The list in really endless. But regardless on whether or not you get a “trauma explanation” of what/why/how trauma is affecting the situation—adoptive parents still need you to be ready to listen to and honor what they say.
Of course, not every adoption story has long lasting trauma. Sometimes the healing happens early. But that’s why adoptive parents need you to listen closely– because every story is different.
And by listening well, you can ease the stress of trauma responses for everyone involved. And I promise, the adoptive parents will be exceedingly thankful for the grace you provide them.
3. Yes, Do Pray.
And I don’t mean just the early prayers of, “Lord, give them a child”, that come when a couple starts the adoption process. I mean, after they bring their child home—pray for wisdom and attachment and healing and hope.
Pray whenever you think of them.
Pray that when the honeymoon period wears off (because it will) that God will give them the deep-rooted, powerful love and wisdom that is required to parent well.
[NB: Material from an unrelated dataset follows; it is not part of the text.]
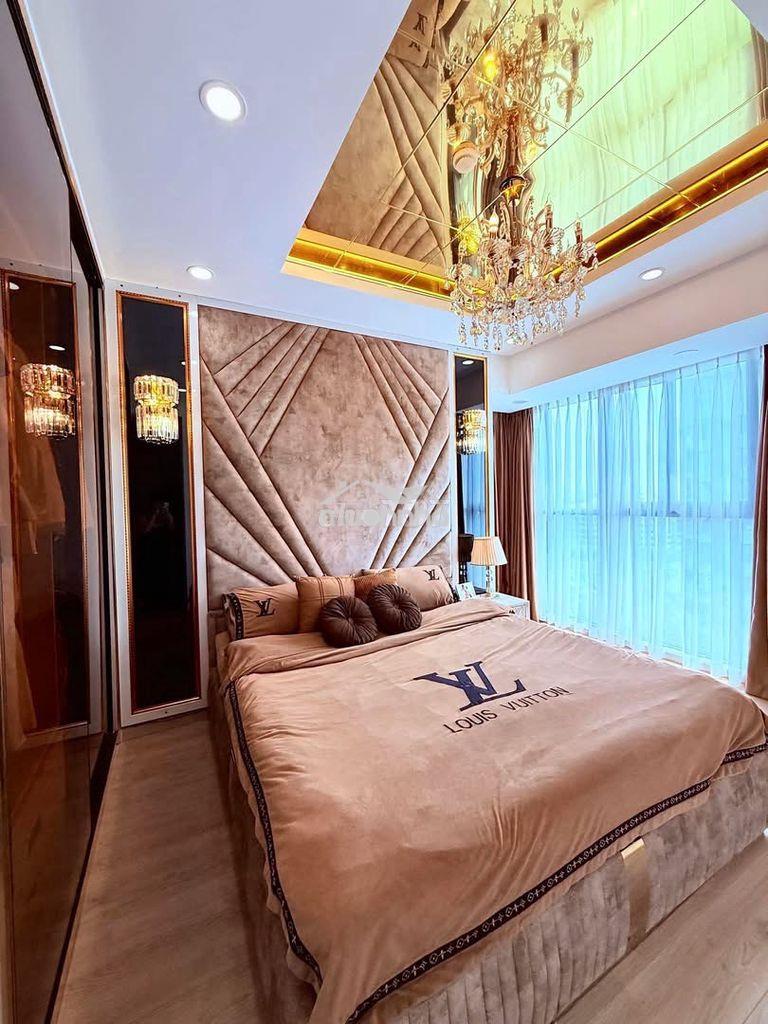 Emerald căn góc view hồ sinh thái + hồ bơi 2pn2vs full nội thất caocấp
Pray that God will give them supernatural moments—where they can mark truth in their minds about the choice to adopt. Then, when the moments of doubt and questions and fear come knocking, they’ll have something to lean back on.
Pray that your interactions with their family will be life-giving and not hindering toward the complicated, intricate dance of attachment.
Pray for God to do the deep work of healing that is required when someone experiences trauma.
And praise Him for the way He redeems even the most difficult stories—because He does.